タマフルを聴いて気になった作品。金曜日の夜見に行くには少々思いかなと思いつつ向かったのだけど、少々どころではなく重かった。見て良かったと思ったけど人におすすめするというのも違う気がする。でもきっと忘れずに残るだろうなと、言葉ではなく、身体的に感じる場面のある映画だった。

映画は1965年にインドネシアで発生したクーデターをきっかけに起こった共産党支持者の大量虐殺の「英雄」に、当時を再現させる映画。英雄とは、インドネシアでは未だに大量虐殺をした人側のことのようだ。劇中にテレビ出演する場面があるのだけど、インタビュアーに「何人くらい殺したんですか?」と笑顔で質問されたりもしていた。
主役としてメインに描かれているのはアンワル・コンゴという男。映画が好きで、ファッションが好きで、映画の制作にもとても協力的だ。こうやると効率的なんだ、と笑顔で殺人方法を解説した後にその殺人現場で踊ってみせたりする。
しかし演技をさせられる子どもたちは別だ。親同士が殺人の演技をしていて本気で泣き出す。さらに演技に巻き込まれる人たちの中には虐殺された共産党支持者が家族にいたものもいる。そのような場面が幾つも重なっていき、アンワルの表情は徐々に変化していく。

映画の冒頭にはこのような言葉が掲げられていた。

殺人は許されない。殺した者は罰せられる。鼓笛を鳴らして大勢を殺す場合を除いて
ヴォルテール

そうなんだろうか、と思いながら読んだ。鼓笛を鳴らす大義名分があったとして、許されるのだろうか。罰されないのだろうか。
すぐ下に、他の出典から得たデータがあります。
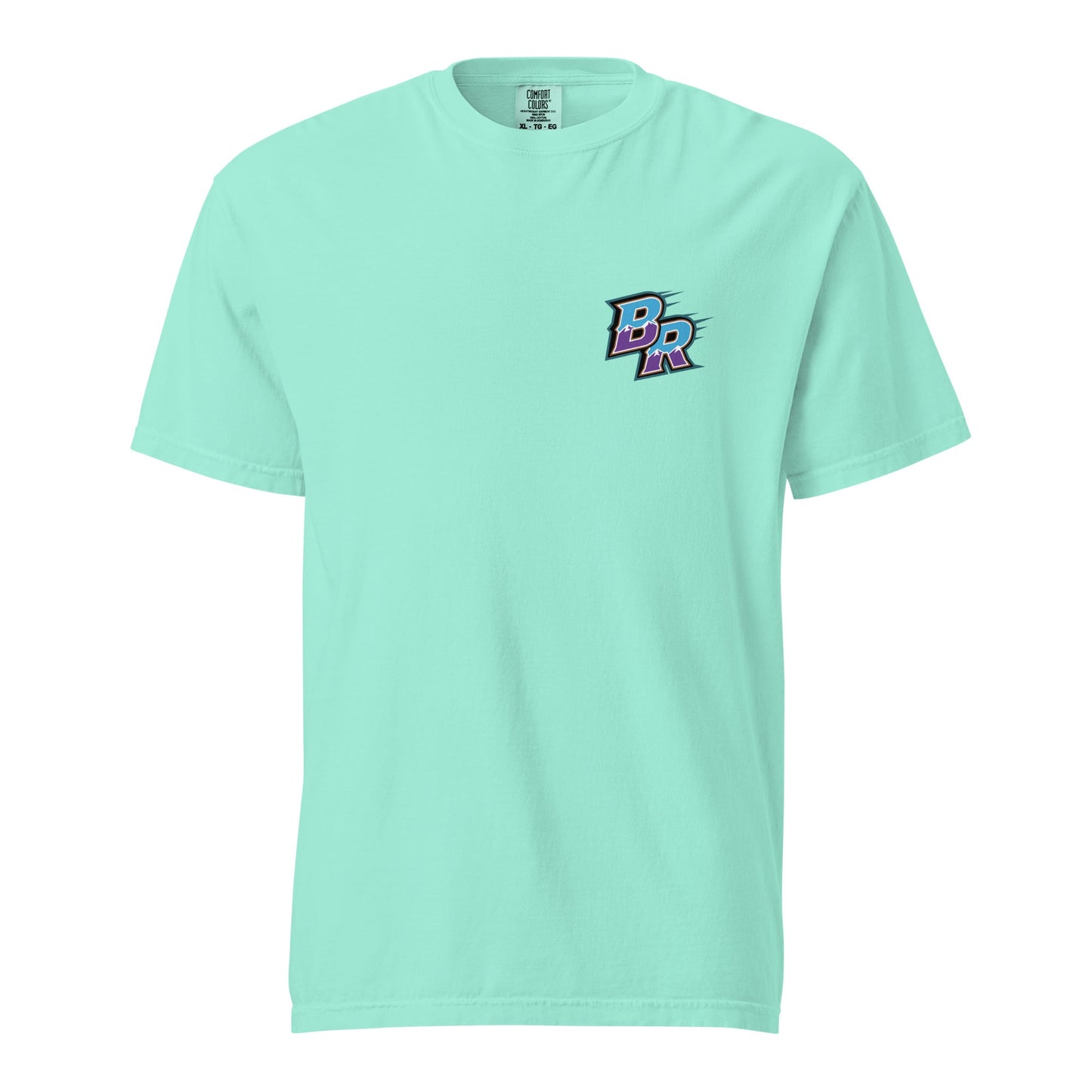 Signature | Comfort Colors T-Shirt | BORN READY | BR Logo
この映画は結果として、その場では許されたように見えたとしても、罰は追いかけてくるというものだったと思う。
映画製作の中で、殺される側を疑似体験したアンワルはこれまで見ないようにしてきた「悪夢」だと思い込んで来た真実と向き合うことになる。
ラストシーン、映画の冒頭と同じ場所で見せる、夢から覚めたアンワルの様子は、自分が思い浮かべられる範囲での「殺人を犯したことがある人の反応」でもっとも説得力があったし、自分も実際に少し具合が悪くなった。
ただ、監督は明らかにここを目指して撮影していたのだろうし、そういう意味でドキュメンタリー、とは少し違うのかもしれない。
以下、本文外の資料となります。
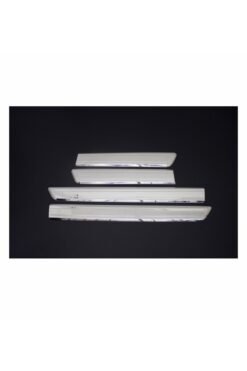 Alternative view of Peugeot Bipper Krom Yan Kapı Çıtası 4 Prç. 2008 Üzeri P. Çelik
そのようにかなりしんどい部分も多い映画だと思うのだけど、この映画をポップにしている存在のひとつにアンワルの傍にいつも寄り添う、子分というか腰巾着というか、彼のことをとても尊敬しているのがわかる、年代の離れた(にしだとしゆき似の)男がいて、演技も一番のりのりだし、どことなく憎めなさいもある。途中この男が選挙に立候補するところがあるんだけど、ほんと発言が最低すぎて、あっさり落選してほっとしたけど、でもこういう人が幅を利かせてる世界というのはどこにでもあるし、「罪」に無自覚であるということは他人事ではない。
その後のアンワルと、彼がどのように関わっているのかが気になります。